一方で、西暦710年の平城京遷都から始まる近畿圏の歴史は、奈良を中心とした広範囲にわたり、近年においても建設工事中に遺構が発見されるなどして、現状に見合った社会資本整備が困難な状況にある。このことは、奈良の中心部で発生する交通渋滞の解消を困難とし、現代の生活に支障をきたす要因となっている。

奈良県北部は、「古都奈良の文化財」に登録された建造物、地域が多く存在する。現在登録されているものは唐招提寺、薬師寺、元興寺、春日大社、平城宮跡、興福寺、東大寺がある。また、遺産の周辺環境を保護する目的から春日山地区、平城宮跡地区、西ノ京地区が緩衝地帯(バッファゾーン)に指定され、それらの3地区を繋ぐように歴史的環境調整区域(ハーモニーゾーン)が指定されている。これらにより、奈良の中心部は東西と北部を囲まれるような状況にあり、大阪、京都からの交通アクセスは限られた道路しか無い状況にある。



Line.2 奈良駅周辺の踏み切り事情

JR奈良駅付近の関西線と桜井線は奈良市の旧市街地を分断する形で存在しており、都心部の自動車交通を妨げている。また、鉄道と交差する道路は、踏み切りや旧来の跨線橋であるため、交通渋滞が慢性化しており、交通機能の強化が必要である。これらの課題を解消するためには、連続立体交差が必要不可欠な状況である。この事業は延長約3.5km、除去踏切数は6箇所である。また、総事業費は約450億円である。



Line.3 連続立体交差事業

市街地において多くの道路と次々に交差している鉄道は、踏切による交通渋滞や踏切事故の原因となり、都市活動の大きな障害となっているだけでなく、鉄道による地域の分断により、均衡のとれた都市の発展を妨げている場合がある。また、鉄道においても、踏切の存在を考慮した運行が必要であり、運行速度などが制限される場合がある。そこで、地上の鉄道を一定区間連続して高架化することによって多くの踏み切りを一挙に除去し、立体交差化を実現する都市計画事業で地方公共団体が実施している。

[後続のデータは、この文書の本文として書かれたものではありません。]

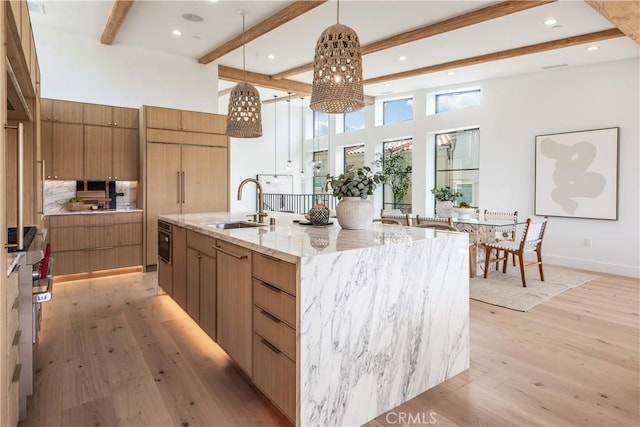 2007 Ava Ave, Hermosa Beach, CA 90254 - kitchen featuring modern cabinets, light wood-type flooring, beam ceiling, light stone counters, and a large island with sink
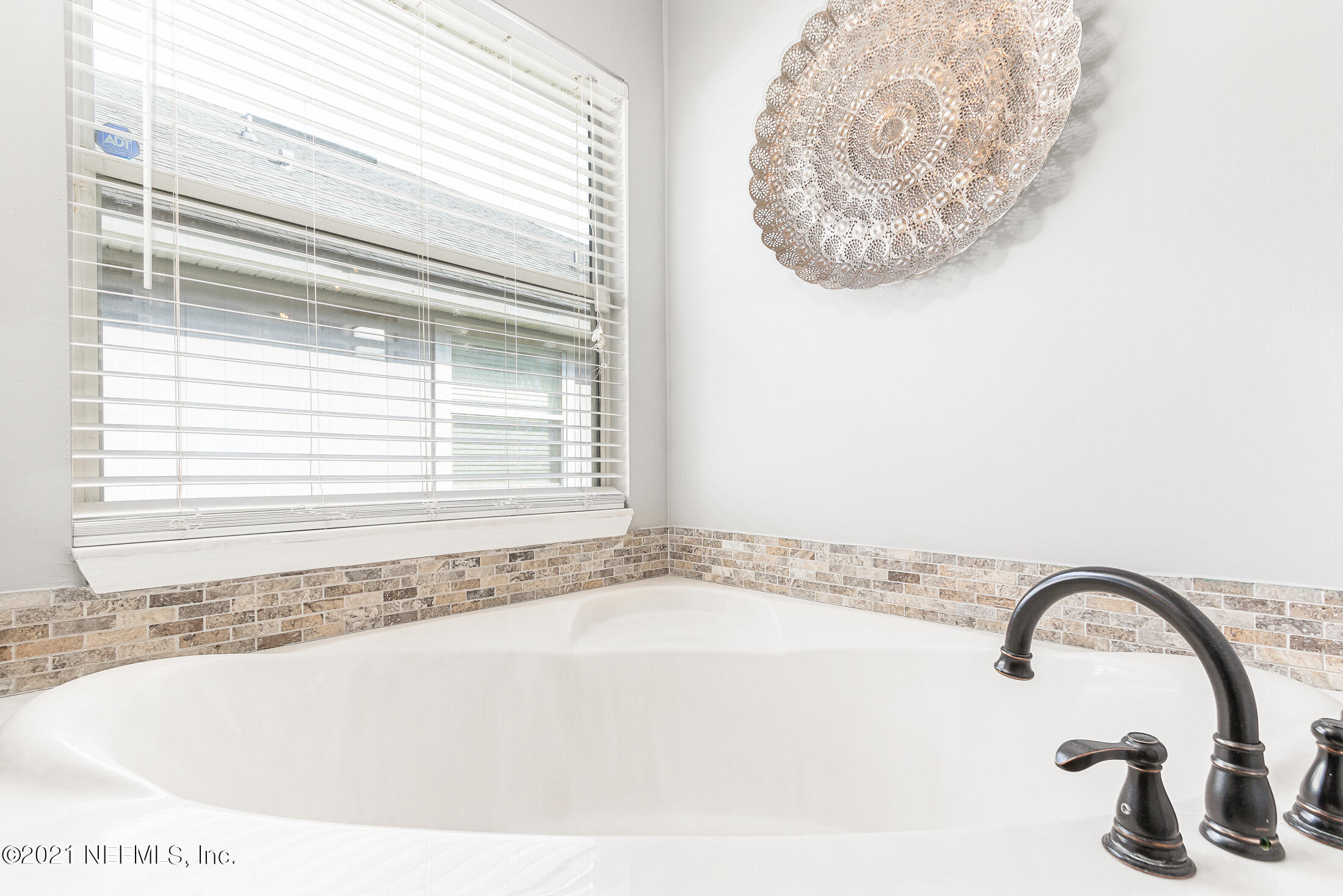 856 Crystal Spring Way St. Augustine, FL 32092 - Photo 33 of 54 a bath tub sitting in a bathroom next to a window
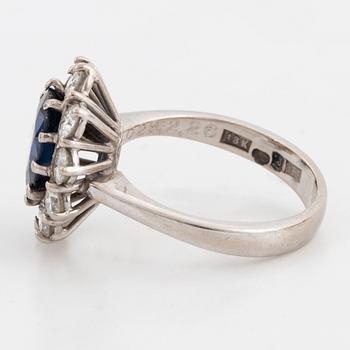 Sapphire and brilliant-cut diamond cluster ring.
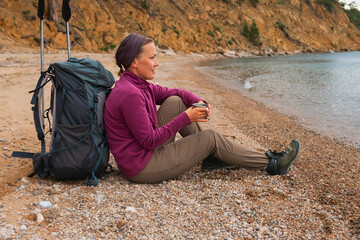 Hiking tourism adventure. Backpacker woman resting after hiking looking at beautiful view. Hiker girl lady tourist with backpack sitting near lake. Hiker woman enjoy hike tourism active vacation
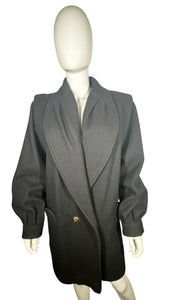 This pristine vintage Donny Brook peacoat is made of rare heavy black wool, featuring magnificent lion head bronze buttons. Measuring at 46 inches across the chest, with 25-inch sleeves and a length of 40 inches, it is a true gem.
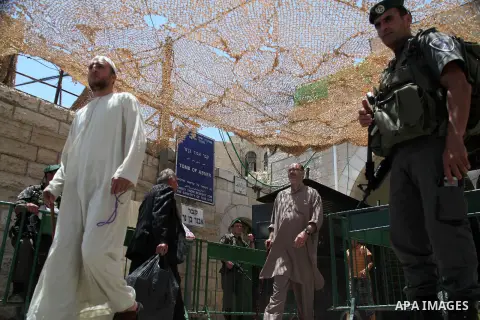 Israeli policemen stand guard as Palestinian muslims arrive at Ibrahimi mosque "Sanctuary of Abraham", to the traditional Friday prayers, the first of Islam's holy month of Ramadan, in the West Bank City of Hebron July 0...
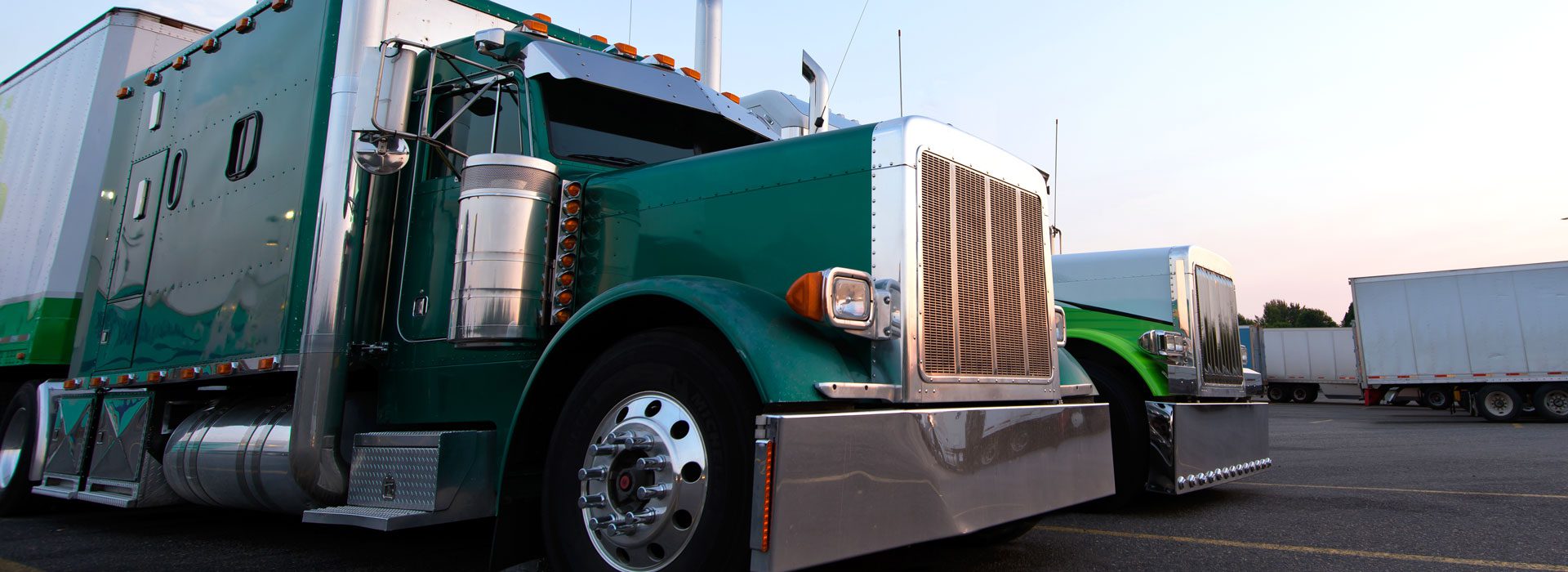 Header-Truck-in-Parking-Lot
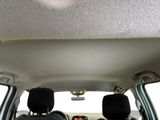 two seats in the back of a car with a view out the window
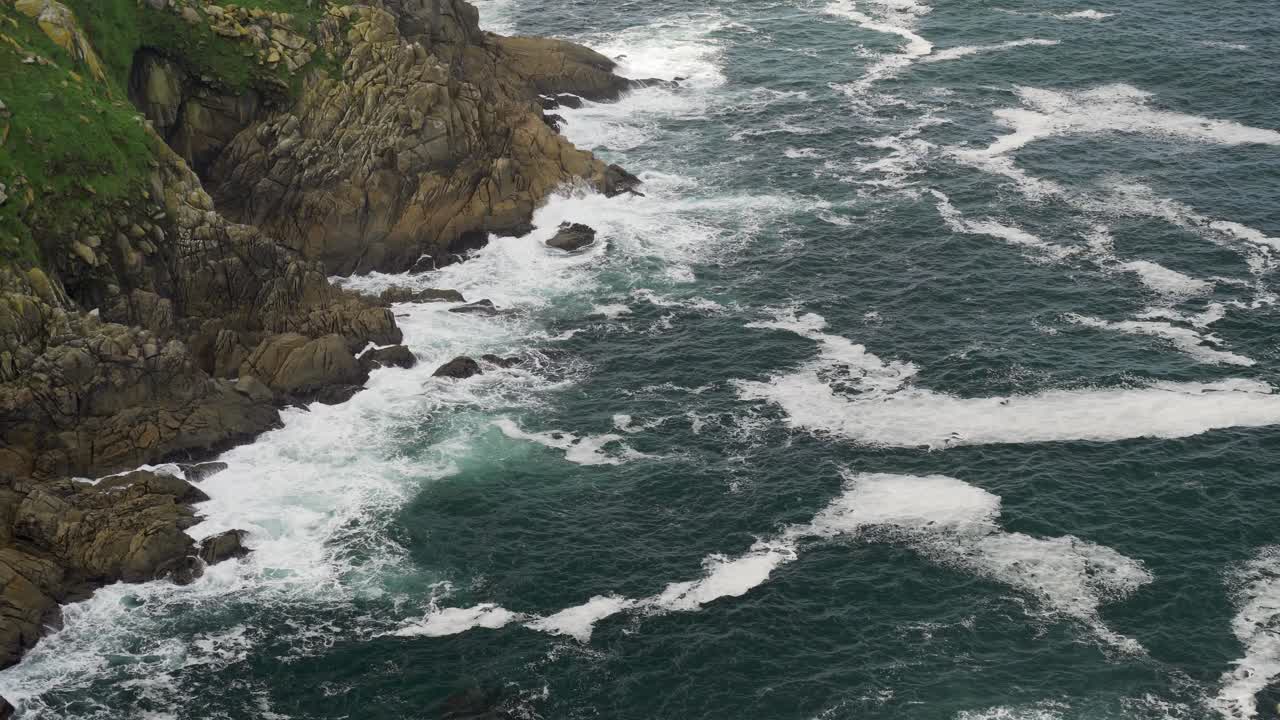 Shot from the top of a high cliff with the sea and the foamy waves crashing against the rocks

JR奈良駅付近の関西線と桜井線は、奈良市の旧市街地の西側から南側を横切っているために、奈良市都心部の発展を著しく妨げている。また、これらの鉄道と交差している道路は、踏切や車線数の少ない跨線橋のために交通渋滞が激しく、第二阪奈有料道路や京奈和自動車道に対応する交通機能の強化が求められている。これらの課題を解消し、活力あるまちづくりを行うには、連続立体交差事業の実施が不可欠である。



Line.4 旧駅舎の移動高架駅の建設
a) 旧奈良駅舎の概要

関西線奈良駅は1890年(明治23年)12月27日に和風木造平屋建の駅舎で開業した。そのご1934念(昭和9年)に改築され、現在の駅舎は2代目にあたる。現在の駅舎は、御大典記念京都市美術館のコンペ応募案であったものが修正されて採用されたというエピソードがある。

1)建設年度

第1期 昭和8年4月〜昭和9年11月(関西鉄道株式会社) 正面中央部

第2期 昭和33年1月〜昭和33年8月(日本国有鉄道) 左右翼部分一部改修

2)設計者

大阪鉄道管理局初代建築課長、工務課改良掛技師(柴田四郎氏)を中心とする国鉄技術陣 実施設計者(増田誠一氏)(推測)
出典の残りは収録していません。